How wrong they were. Less than three years later, raw sugar prices have plummeted to about 11 1/2-c- in New York --up a bit from late 1976 but lower than they were before the 1974 spiral started. Amstar, the leading U.S. refiner, suffered the largest 1976 sales decline of any company on the FORTUNE 500 list; its revenues fell almost 34%, to $1.1 billion. At that, refiners are lucky; they have continued to make a profit ($43 million for Amstar last year) because their cost of buying raw sugar has fallen as fast as the price at which they sell the refined product. Growers in the U.S. and abroad are losing money. Moans Cane Grower J.R. Roane: "Louisiana will be out of business in another two years at this price level." The price collapse has badly hurt the Cuban economy; that is a major reason why Fidel Castro is eager to re-establish trade with the U.S., once Cuba's prime customer.
What happened? The reasons for the slump may spell out a cautionary tale for coffee producers, who now seem to be passing the peak of a price climb as dizzying as the one in sugar in 1974. In brief, consumers did rebel: American per capita consumption last year was less than 95 lbs., down 8 1/2 lbs. from 1973. At the same time, growers, enticed by the high prices, overplanted, and are now turning out more sugar than anyone wants to buy.
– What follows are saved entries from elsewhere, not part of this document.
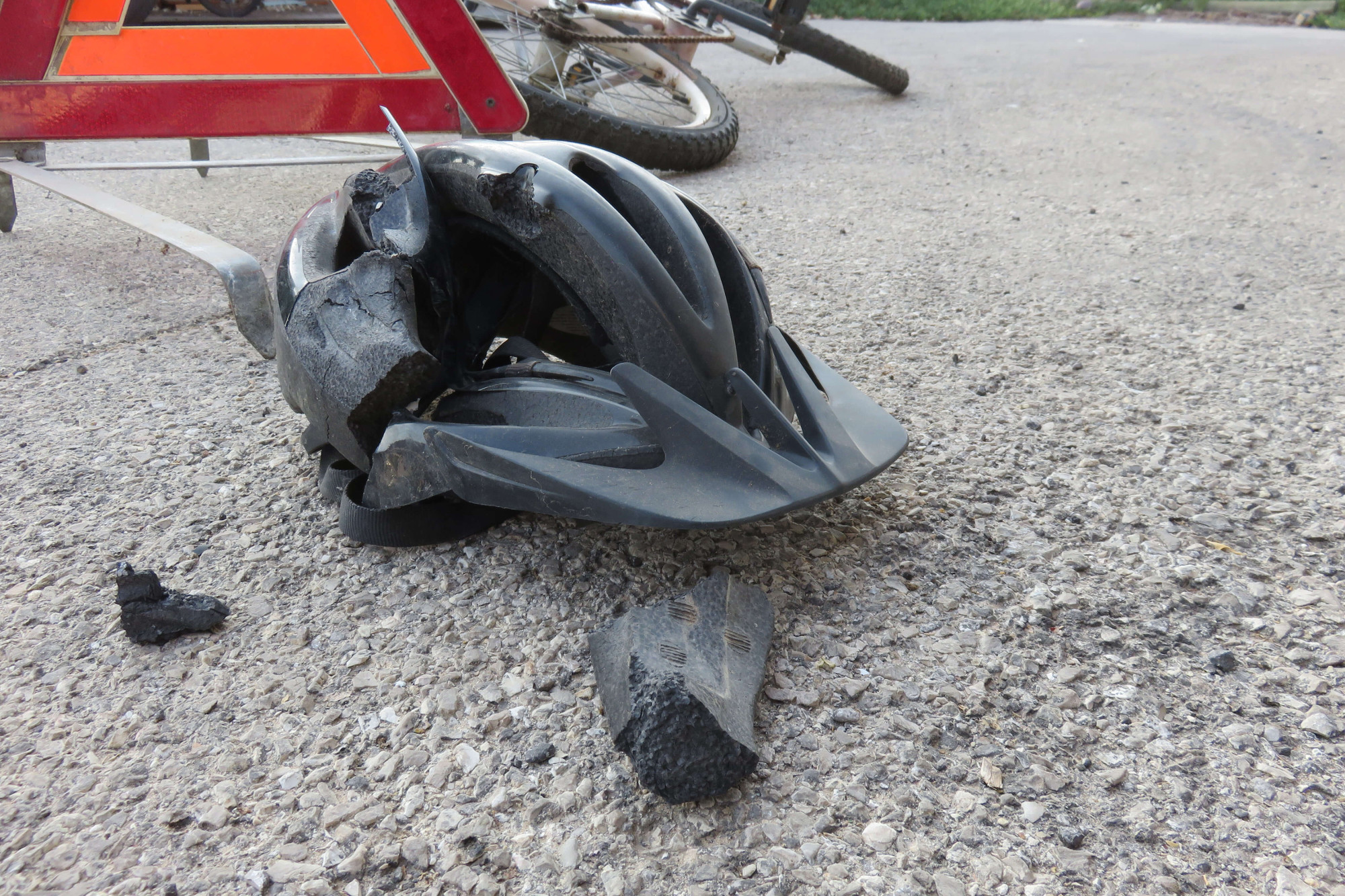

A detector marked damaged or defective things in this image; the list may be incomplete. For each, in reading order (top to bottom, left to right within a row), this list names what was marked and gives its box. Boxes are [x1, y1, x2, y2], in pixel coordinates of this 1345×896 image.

broken foam piece [118, 559, 231, 643]
broken foam piece [592, 567, 775, 796]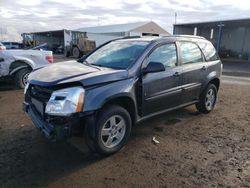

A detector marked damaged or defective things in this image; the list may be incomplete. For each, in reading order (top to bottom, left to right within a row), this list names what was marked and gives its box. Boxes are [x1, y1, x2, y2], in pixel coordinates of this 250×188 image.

crumpled hood [28, 60, 129, 86]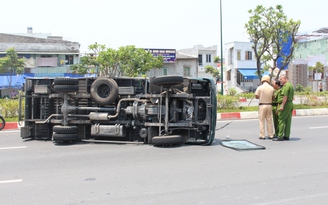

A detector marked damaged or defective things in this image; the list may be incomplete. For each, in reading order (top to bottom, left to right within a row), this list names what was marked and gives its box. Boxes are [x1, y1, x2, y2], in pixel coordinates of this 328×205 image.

overturned truck [19, 75, 217, 146]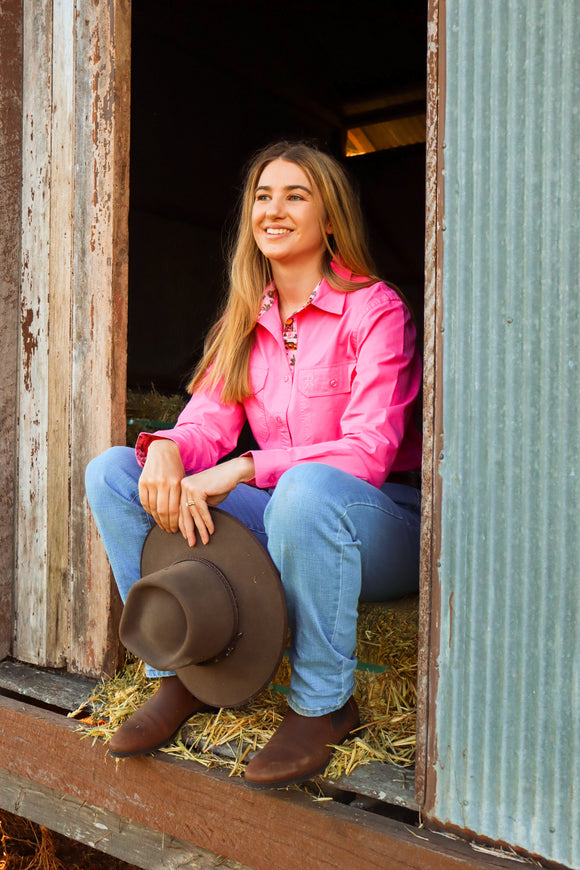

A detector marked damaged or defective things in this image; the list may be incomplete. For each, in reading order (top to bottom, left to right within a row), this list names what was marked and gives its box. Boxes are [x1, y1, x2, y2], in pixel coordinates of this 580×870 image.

rust stain [21, 304, 38, 390]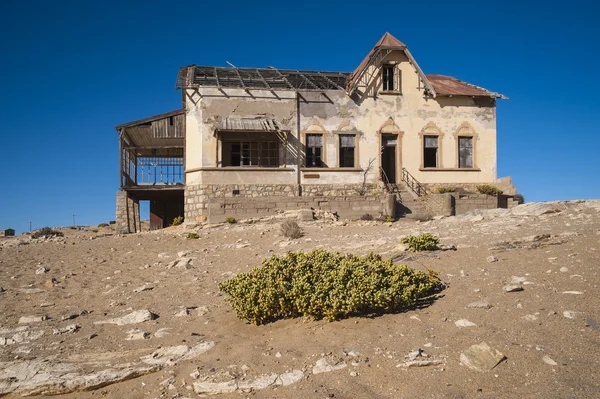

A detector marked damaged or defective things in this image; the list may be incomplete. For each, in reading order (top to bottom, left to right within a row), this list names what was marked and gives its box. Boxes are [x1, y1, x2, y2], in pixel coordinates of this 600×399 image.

broken window [382, 65, 400, 92]
broken window [230, 141, 278, 166]
broken window [304, 133, 324, 167]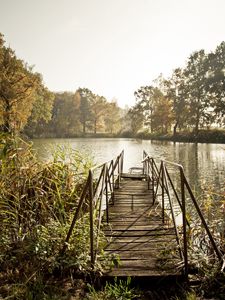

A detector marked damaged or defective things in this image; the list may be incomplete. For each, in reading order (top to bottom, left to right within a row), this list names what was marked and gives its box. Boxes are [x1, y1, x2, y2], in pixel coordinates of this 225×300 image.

rusty metal railing [61, 151, 125, 266]
rusty metal railing [142, 150, 222, 276]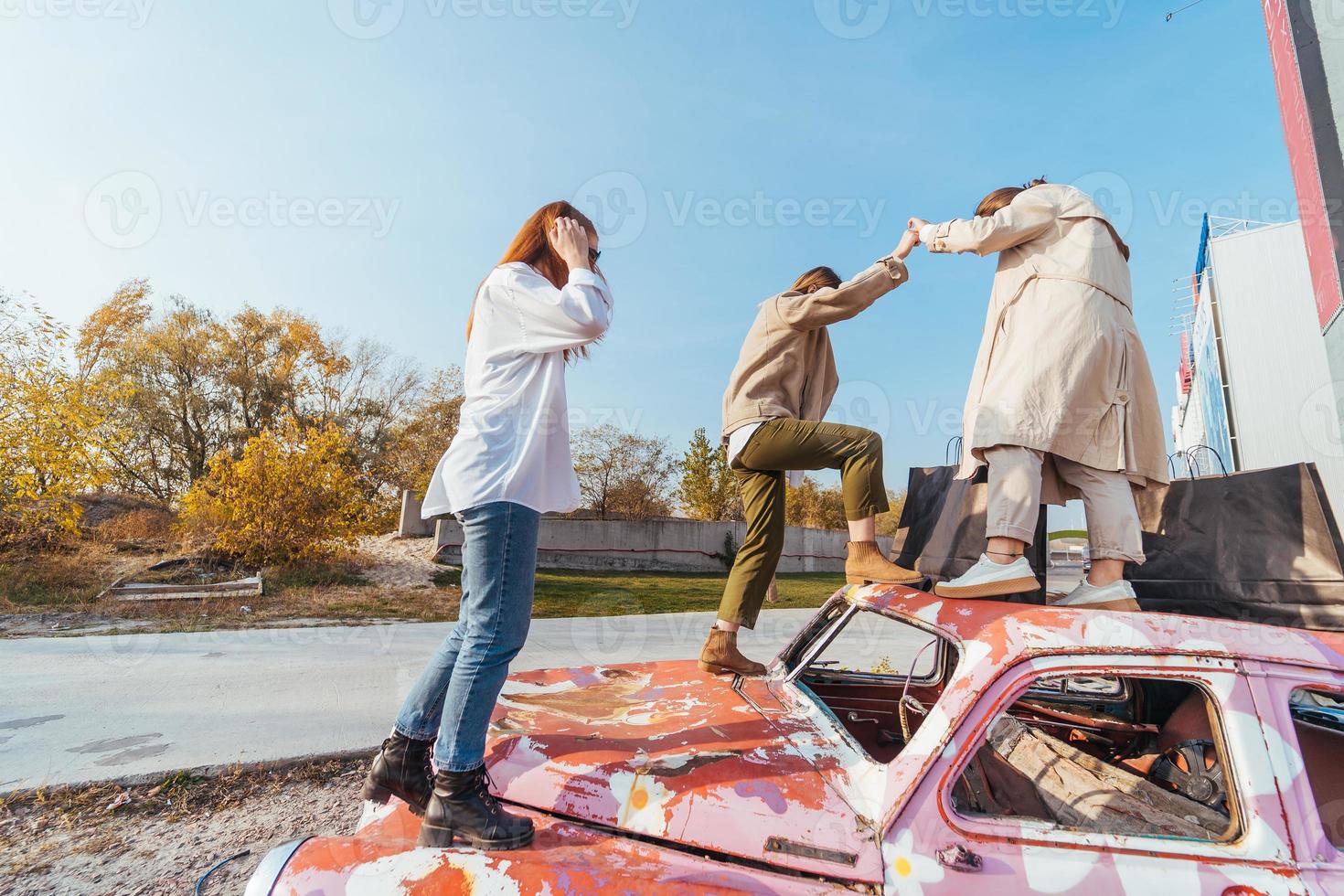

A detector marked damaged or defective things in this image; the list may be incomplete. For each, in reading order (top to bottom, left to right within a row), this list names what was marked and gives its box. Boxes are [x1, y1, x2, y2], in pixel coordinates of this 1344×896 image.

rusty old car [247, 585, 1344, 891]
World production in the crop year ending Aug. 31 is forecast to be 87.7 million tons, or 4.4 million tons more than the expected demand.
Fructose Threat. Sugar producers see no quick way out of their troubles. President Carter has promised a subsidy of as much as 20 per lb. to U.S. growers, but that will still leave their return below production costs. A conference of producing and consuming nations in Geneva is exploring ways to establish a floor and ceiling price for sugar, but U.S. experts give it only a fifty-fifty chance of success. The obvious way to push prices back up is to cut production, but that is difficult for nations such as Cuba and the Dominican Republic, which depend on sugar for most of their foreign-currency earnings. Meanwhile, the U.S. sugar industry faces another threat: the growing use by commercial food processors of high-fructose corn syrup, a sweetener that is cheaper than sugar even at present prices.